The scoring mechanism

The engine first determines the confidence score of all instances, then the confidence of fields as the average of the instances' scores.

For example, with this rule:

SCOPE SENTENCE
{
    IDENTIFY(PERSONAL_DATA)
    {
        @FULL_NAME[TYPE(NPH)]
    }
}

applied to this text:

John Smith is the CEO of Acme Ltd, founded in 1985. To this day, John lives in New York. He has 3 sons.

you will get these instances:

Instance text Confidence score
John Smith 1.00
John 1.00
He 1.00

and this field:

Field Value Confidence score
FULL_NAME John Smith 1.00

In this other case, with this rule:

SCOPE SENTENCE
{
    IDENTIFY(PERSONAL_DATA:LOW)
    {
        @FULL_NAME[TYPE(NPH)]
    }
}

applied to the same text above, you will get these instances:

Instance text Confidence score
John Smith 0.25
John 0.25
He 0.25

and this field:

Field Value Confidence score
FULL_NAME John Smith 0.25

because the LOW score option corresponds to 25% of the default score (1.0).

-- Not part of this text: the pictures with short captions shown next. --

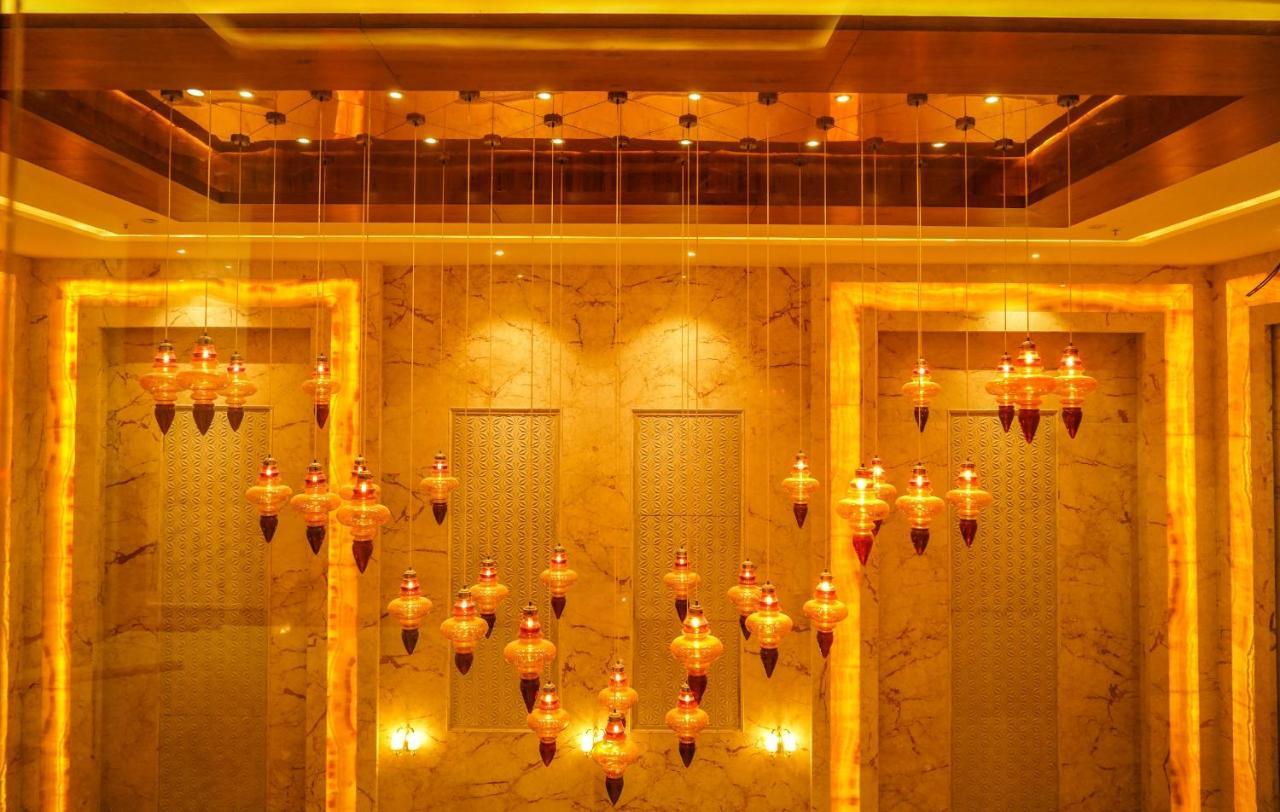 Pride Hotel Bhopal Esterno foto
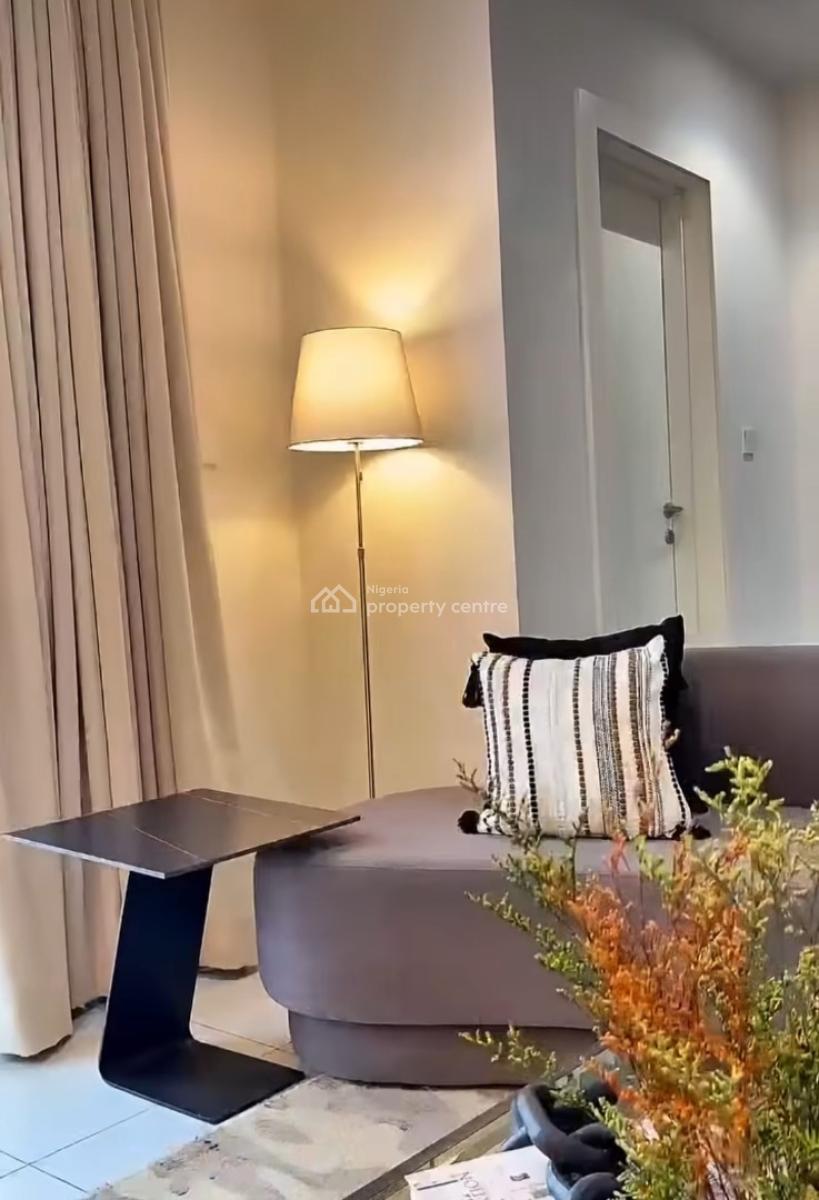 Tastefully Furnished and Serviced 3 Bedroom En-suite Flat, Lekki Phase 1, Lekki, Lagos, Flat / Apartment for Rent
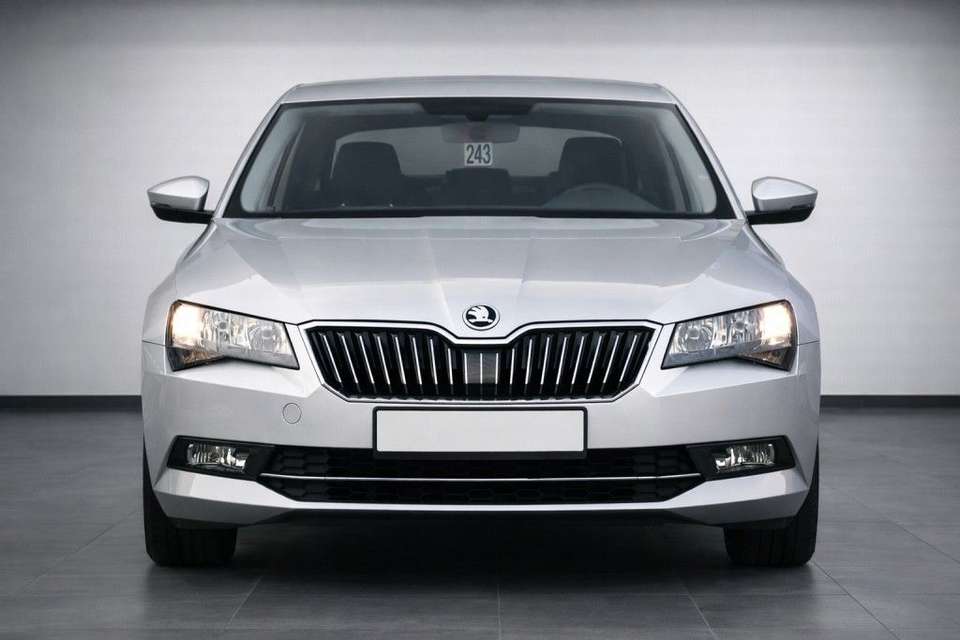 Skoda Superb - Imagem 5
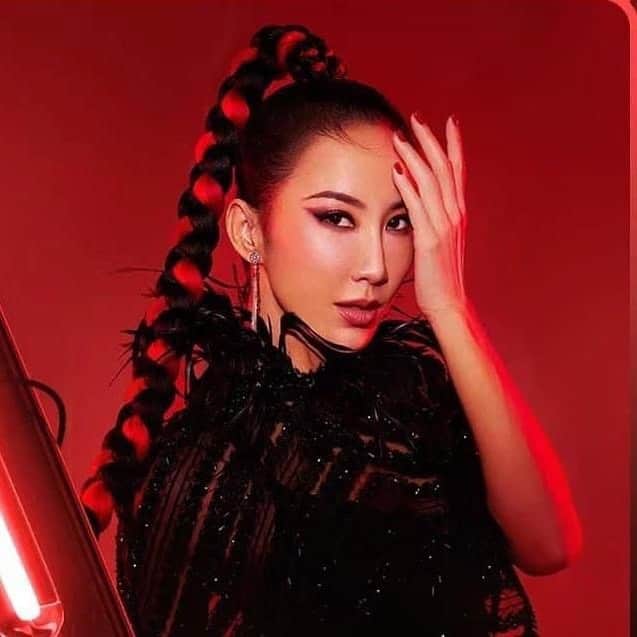 Miaのインスタグラム：「昨天晚上得知妳離世的消息 一直到早上心中還是很悲慟 如此愛跳舞愛唱歌的妳一定承受了 很多我們不知道的苦  可愛的笑聲 悅耳的歌聲 動人的舞姿 妳是上天派來要療癒大家的天使 犧牲自己照亮別人  辛苦了～ 一路好走 謝謝妳曾經帶給我青春歲月的美好 陽光燦爛般的笑容  永遠的巨星 永遠的真情人  #李玟 #cocolee」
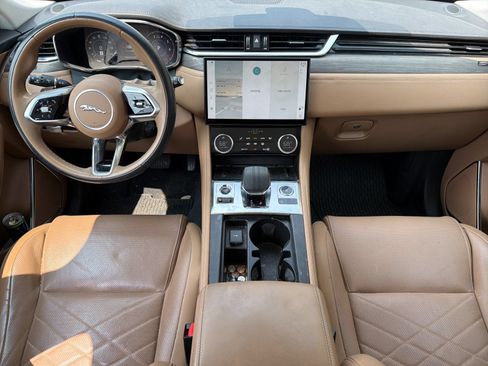 Used 2023 Jaguar F-PACE S AWD/4WD image 10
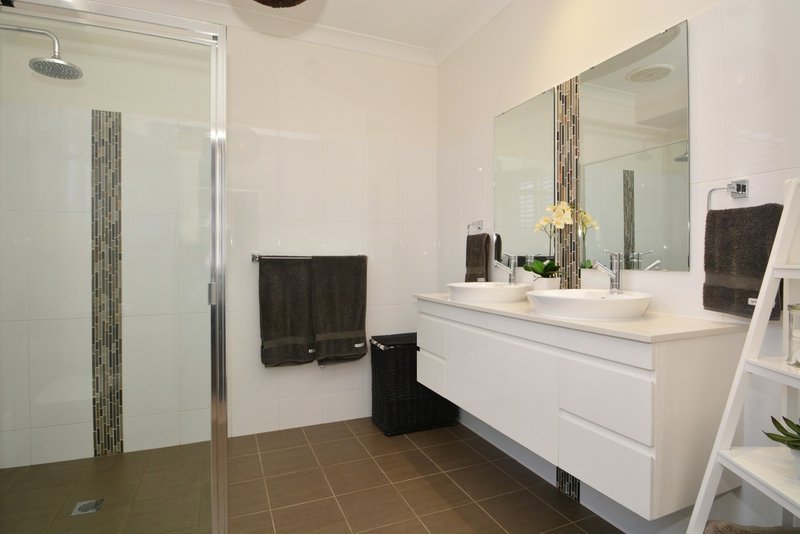 Photo - 194 Northlakes Drive, Cameron Park NSW 2285 - Image 10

In more complex cases, an extraction can be determined by multiple rules with different score options, for example:

CONFIDENCE
{
    @VERYHIGH:80
}

SCOPE SENTENCE
{
    IDENTIFY(HYSTORICAL_CHARACTERS:NORMAL)
    {
        @FULL_NAME[TYPE(NPH)]
    }

    IDENTIFY(HYSTORICAL_CHARACTERS:VERYHIGH)
    {
        @FULL_NAME[SYNCON(100001048)]//@SYN: #100001048# [Julius Caesar]
    }
}

When the above rules are applied to this text:

The Senate began bestowing honors on Julius Caesar while he was still campaigning in Hispania.

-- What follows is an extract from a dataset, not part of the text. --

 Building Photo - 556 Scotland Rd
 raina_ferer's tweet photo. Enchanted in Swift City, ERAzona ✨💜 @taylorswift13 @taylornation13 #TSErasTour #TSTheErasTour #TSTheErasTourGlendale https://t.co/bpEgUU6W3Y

you will get these instances:

Instance text Confidence score
Julius Caesar 0.89
he 0.50

and this field:

Field Value Confidence score
FULL_NAME Julius Caesar 0.69

Instance he gets score of 0.50 because it's extracted by the first rule with the NORMAL option corresponding to the 50% of 1.0.
Instance Julius Caesar, instead, has been matched by both rules because it is a proper noun and corresponds to syncon 100001048. In this case the confidence score is a computed with this formula:

highestScore + (difference * lowerScore1) [+ (difference * lowerScore2) + ...(difference * lowerScoreN)]

where:

  • highestScore is the highest score assigned by a rule.
  • lowerScore# is the score of the other rules.
  • difference is the difference between the default confidence score (1.00) and highest score above.

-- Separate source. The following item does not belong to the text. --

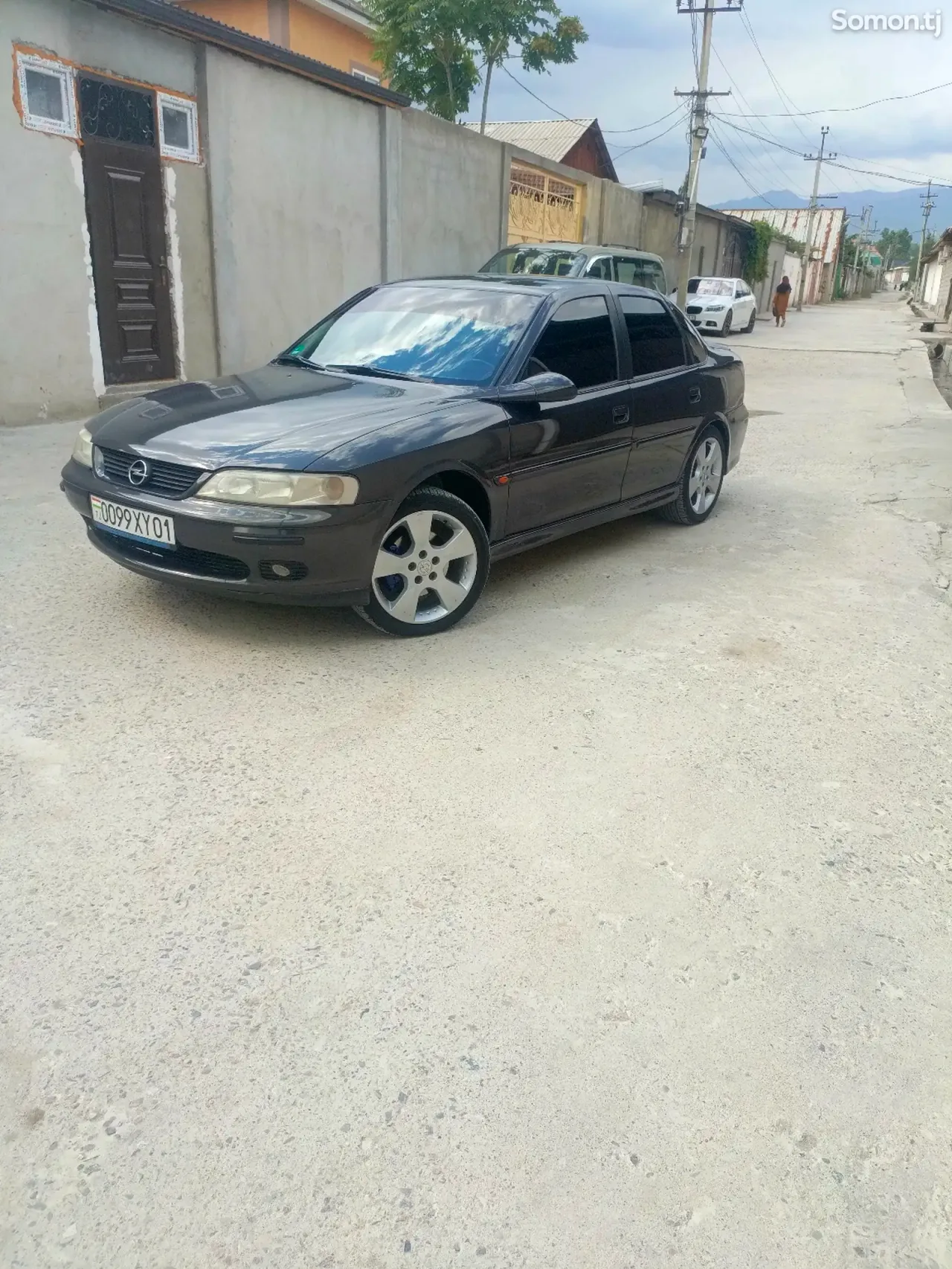 Opel Vectra B 2000 · 1.8 MT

In the example case, such a formula would be:

0.80 + (0.20 * 0.50)

because highestScore corresponds to the custom VERYHIGH score option (0.80), lowerScore is 0.50, which corresponds to the NORMAL score option of the first rule, and difference is 0.20, that is the difference between the default score and highestScore (1.00 - 0.80 = 0.20).
This gives the instance a score of 0.89.

The field score is 0.69, which is the average of 0.50 and 0.89.